Cuando uno tiene una historia que contar, la intuición te dice cómo hacerlo. Pero ¿y si no sabes qué contar, y si no sabes qué hacer? Ahí es cuando escuchamos esa frase que tantas veces nos han contado: Bueno tu escribe, que ya se te ocurrirá algo.
Un viernes de hace no demasiado volví a ese lugar del que hablo cuando digo que vuelvo a casa, a la calle donde mis hermanos y yo crecimos jugando. El día anterior habíamos tenido en Factoría una sesión sobre innovación en la que Andrea nos propuso resolver acertijos. Cleopatra y Marco Antonio sin vida. Un perro. Cristales en el suelo. No sé si pusimos en marcha el pensamiento lateral – principal objetivo de la actividad -, pero inventamos historias dignas del próximo drama de la gran pantalla. El tiempo limitado de la sesión me dejó con ganas de más así que ese viernes, en casa, utilicé la sobremesa de la cena para embarcar a mi familia en el proceso creativo. Las respuestas veloces y brillantes de mi hermana me hacían dudar si de verdad no conocía los acertijos con anterioridad. «Venga, Cristina, otro más», suplicaba. Y yo recitaba el siguiente mientras mi padre todavía meditaba qué narices hacía aquel hombre empujando un coche. Una vez habíamos dado con todas las soluciones y puesto fin a la velada, reflexioné que Factoría no es solamente para uno mismo, sino que también es, de alguna manera, para aquellos que nos rodean. Al día siguiente, mi hermana les contó a mis tíos qué es el pensamiento lateral y les regaló los acertijos. Días después, hizo lo mismo con amigos.
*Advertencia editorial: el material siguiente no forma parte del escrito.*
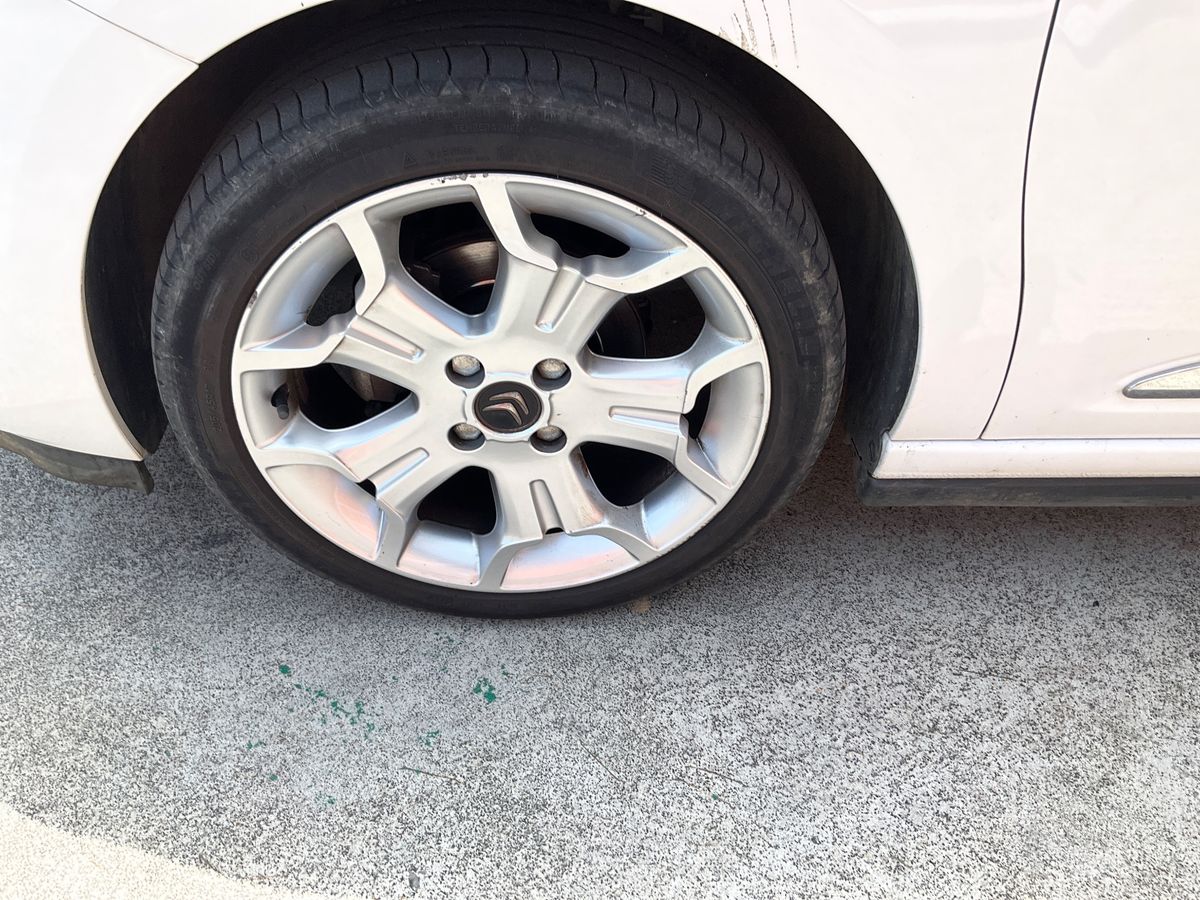 Neumático delantero izquierdo
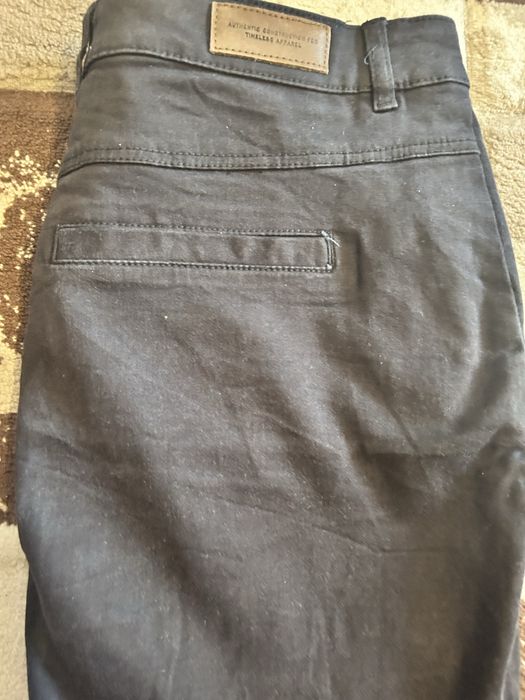 Pantaloni eleganti , marimea 38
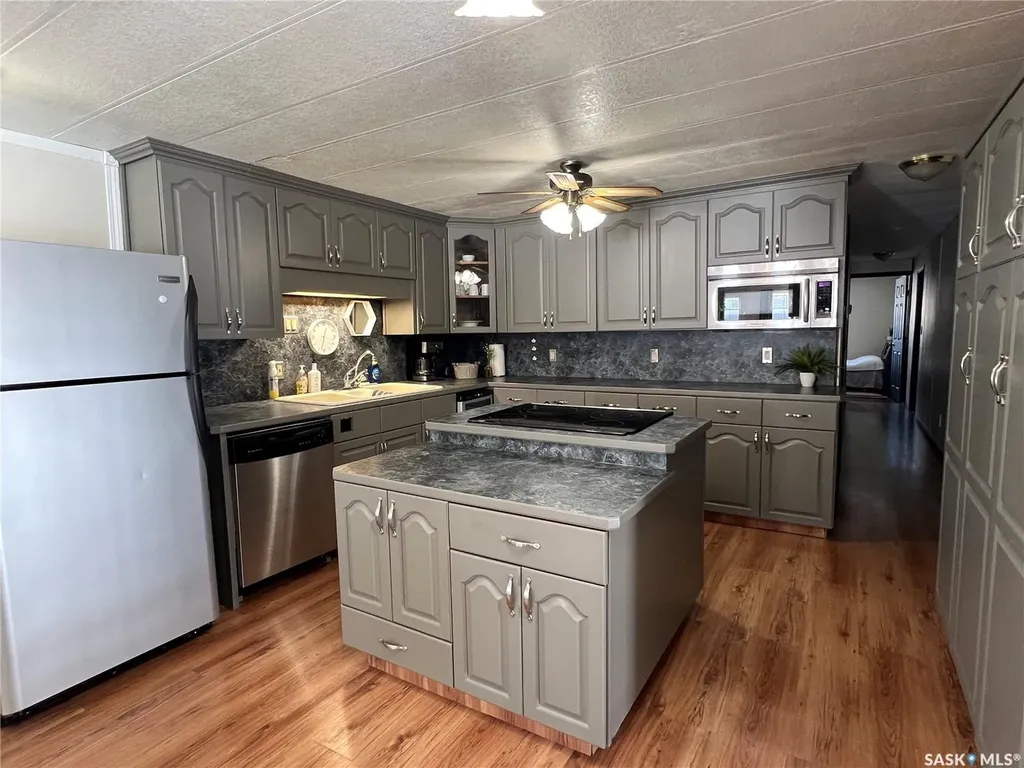 720 Maple Drive Esterhazy SK S0A 0X0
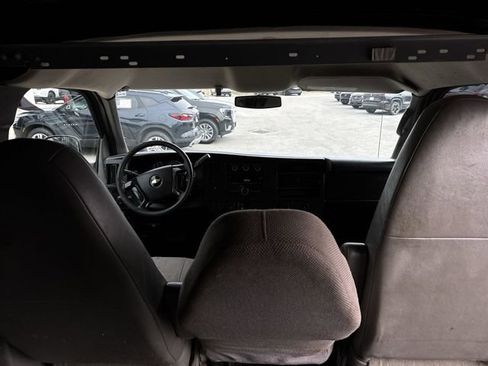 Used 2015 Chevrolet Express 2500 RWD image 17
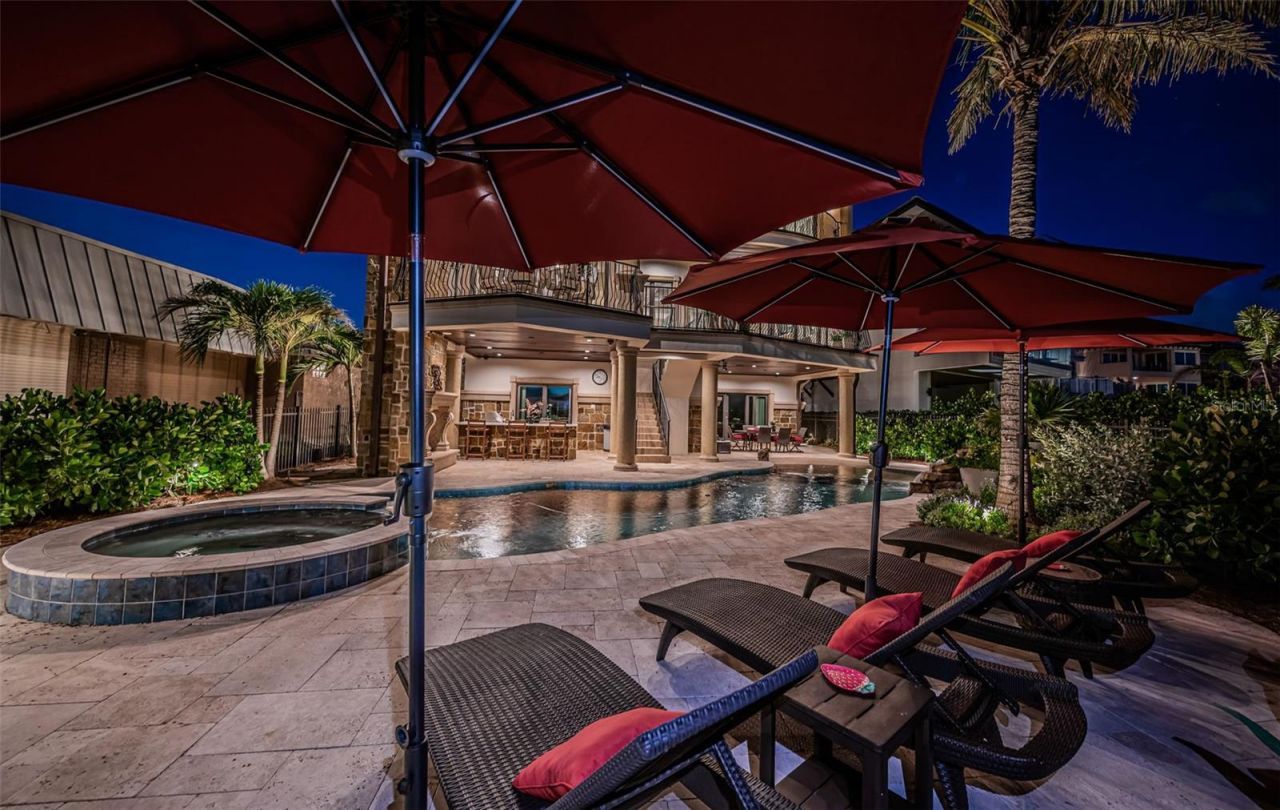 17824 Lee Avenue, Redington Shores, FL 33708 Photo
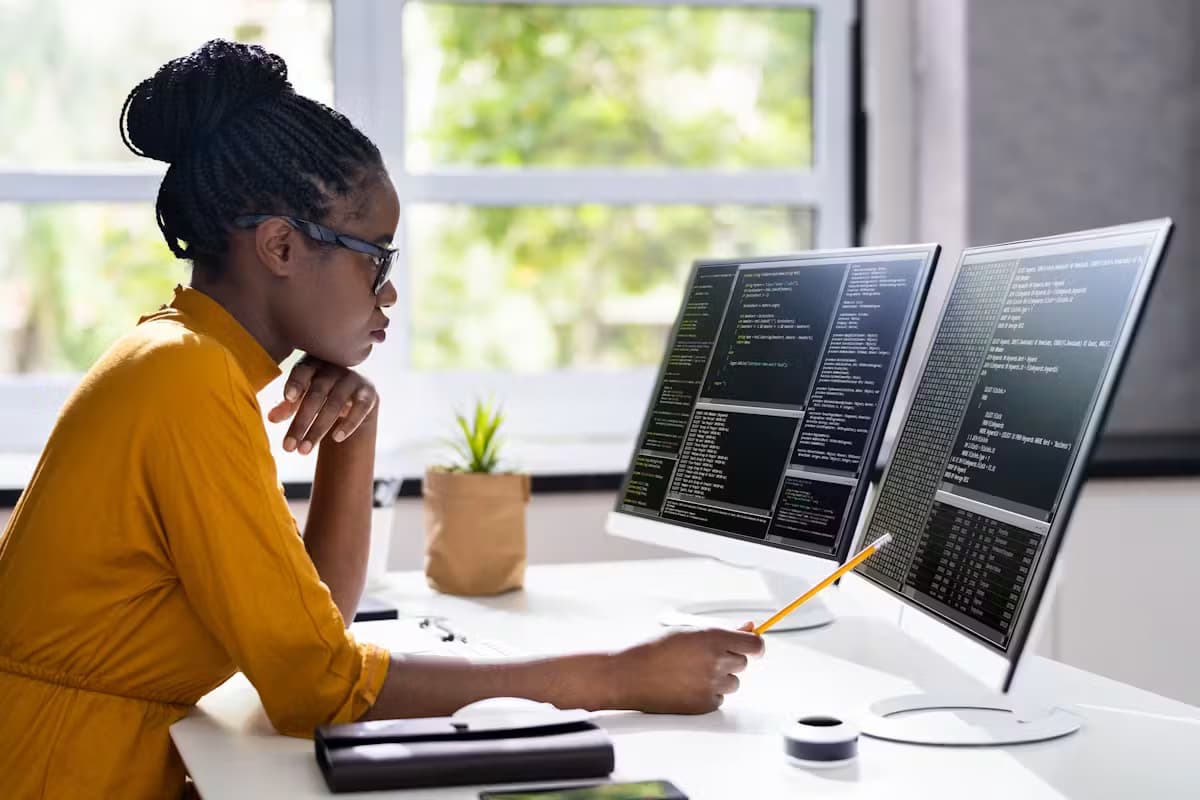 The Comprehensive Guide to Advancing Your Career as a Software Engineer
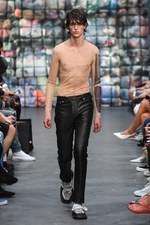 コモン スウェーデン 2019年春夏コレクション - ものの溢れる現代で、服の大儀を探して｜写真8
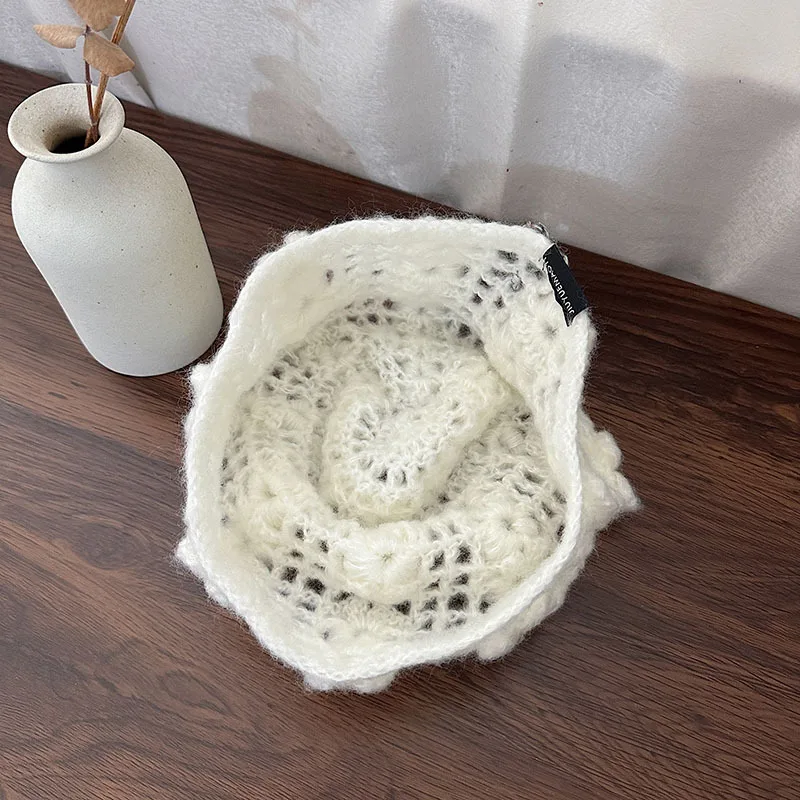 Koreanische handgemachte, gehäkelte, dreidimensionale Blumenmütze für Damen, warme Kuppelmütze für Herbst und Winter. – Detail 9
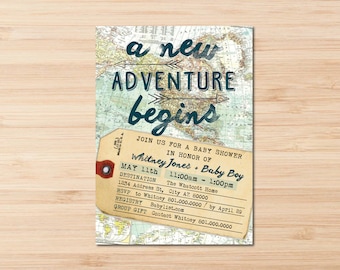 Peut inclure: Une invitation de fête prénatale de style vintage avec un fond de carte du monde. Le texte indique "une nouvelle aventure commence" avec une flèche pointant vers la droite. Les détails de l'invitation comprennent la date, l'heure, le lieu et les coordonnées pour l'événement.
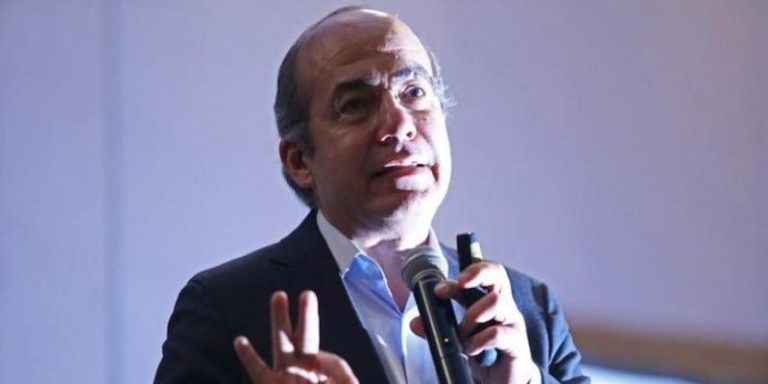 Calderón nos endeudó con 5 billones y quiere más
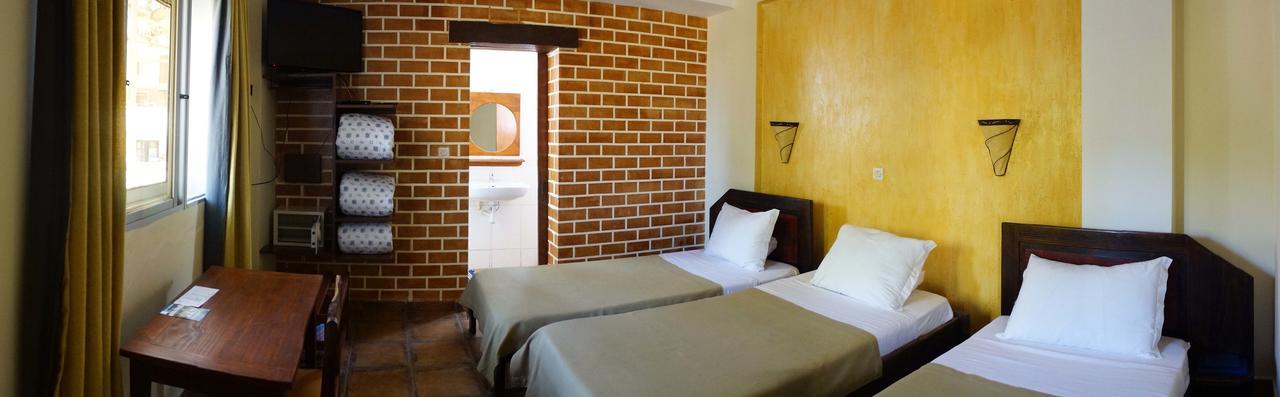 A L'Hotel Antananarivo Exterior photo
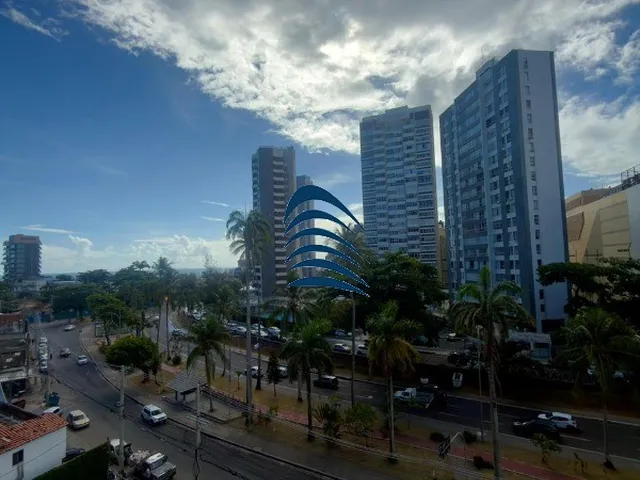 Imagem 2: Excelente apartamento 3/4 com suíte e dependência completa no melhor da Barra !!!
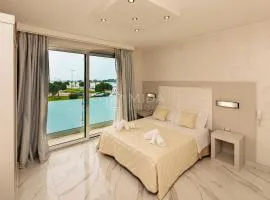 Riviera Luxury Rooms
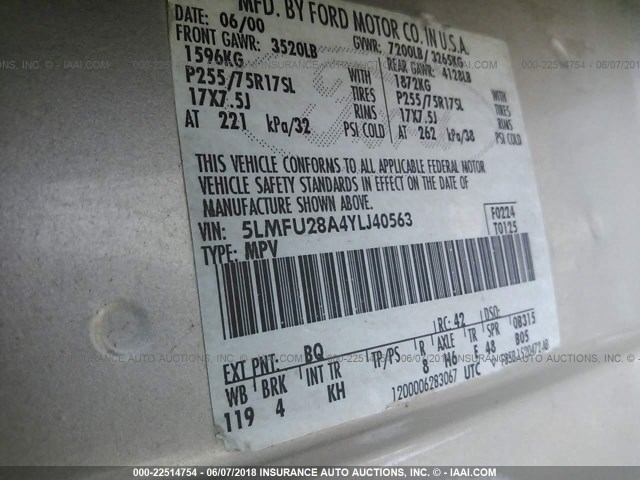 5LMFU28A4YLJ40563 - 2000 LINCOLN NAVIGATOR 金色 照片 9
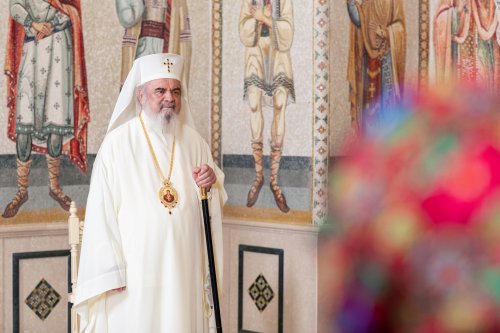 Primii colindători au sosit la Patriarhul României Poza 238422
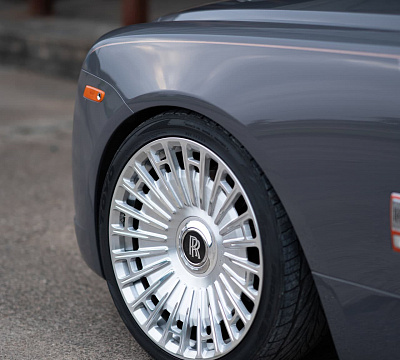 Фото дисков Brixton Forged LX07 на Rolls-Royce Wraith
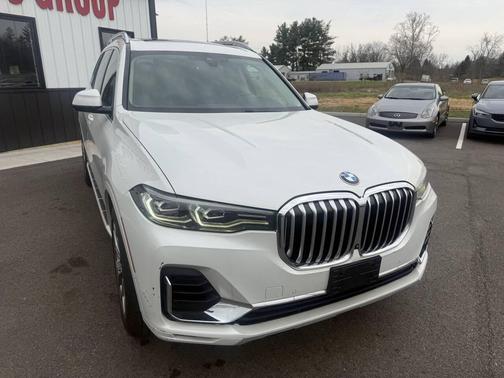 White 2021 BMW X7 xDrive40i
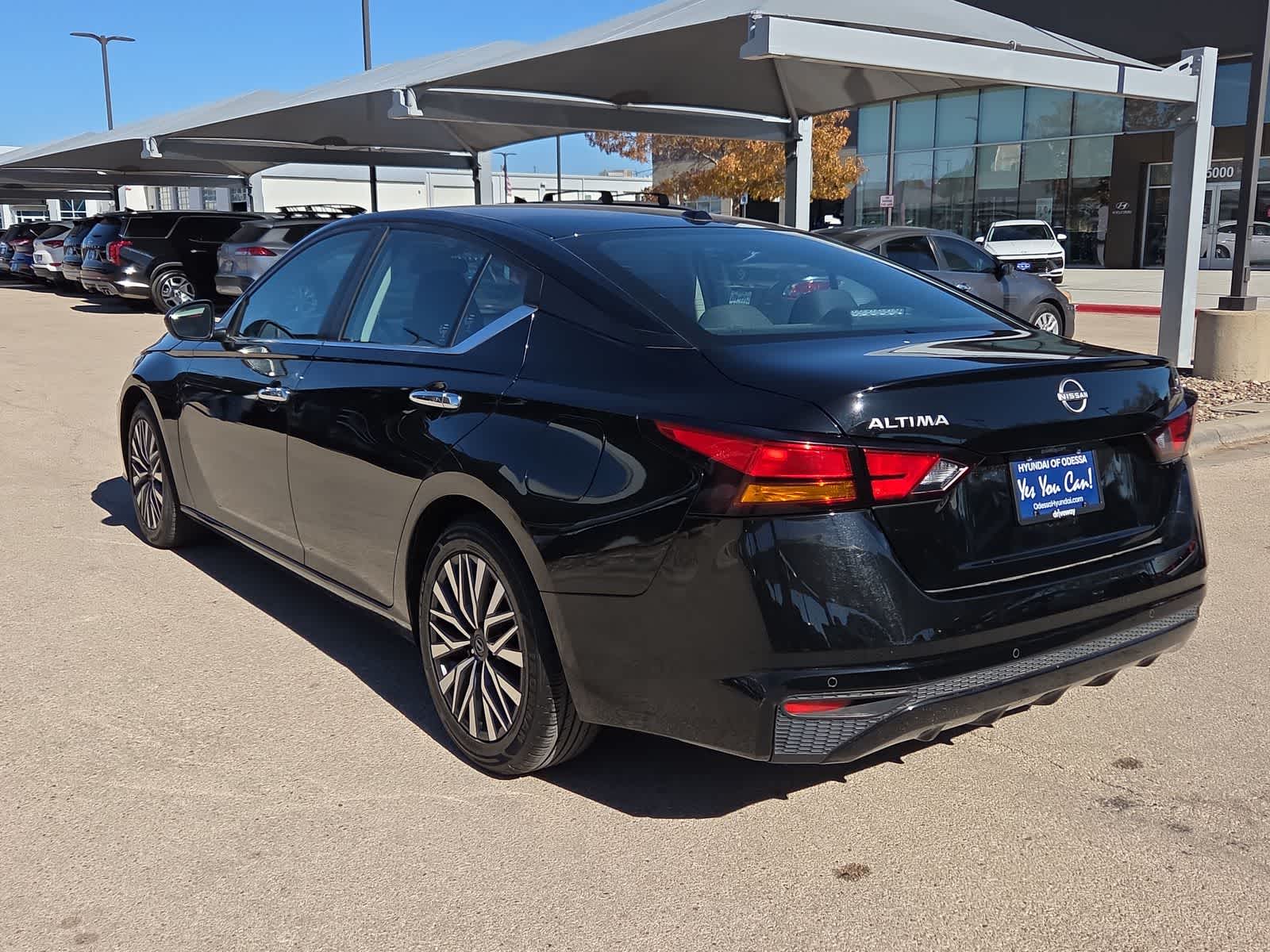 Thumbnail: 2024 Nissan Altima - 12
Vivo con un miedo que siento que es inherente a mi persona, aunque sé que no siempre ha estado allí. El miedo a ser descubierta. Desde muy pequeña empecé a observar el mundo alrededor, y en algún momento empecé a pensar que no podía participar en él, a no ser que pretendiese ser alguien que no era. Me gustaba ver las cosas desde la magia, y quería que la magia fuese real. Pasaba mi tiempo explorando los rincones de mi mente, y deseaba compartir lo que encontraba. Y cuanto más lo callaba, más volvía a explorar. Algunos días encontraba mundos hechos de algodón de azúcar, y otros, descampados fumigando en medio de una lúgubre noche. A veces encontraba ideas, a veces encontraba pesadillas. Cuanto más indagaba, los mundos que descubría eran más alejados del mundo en el que vivía, los pensamientos, cada vez más rodeados por la oscuridad, los temores y las inseguridades, cada vez más prevalentes. Estaba atemorizada, no quería aceptarlos y pensaba que estaba sola en ello.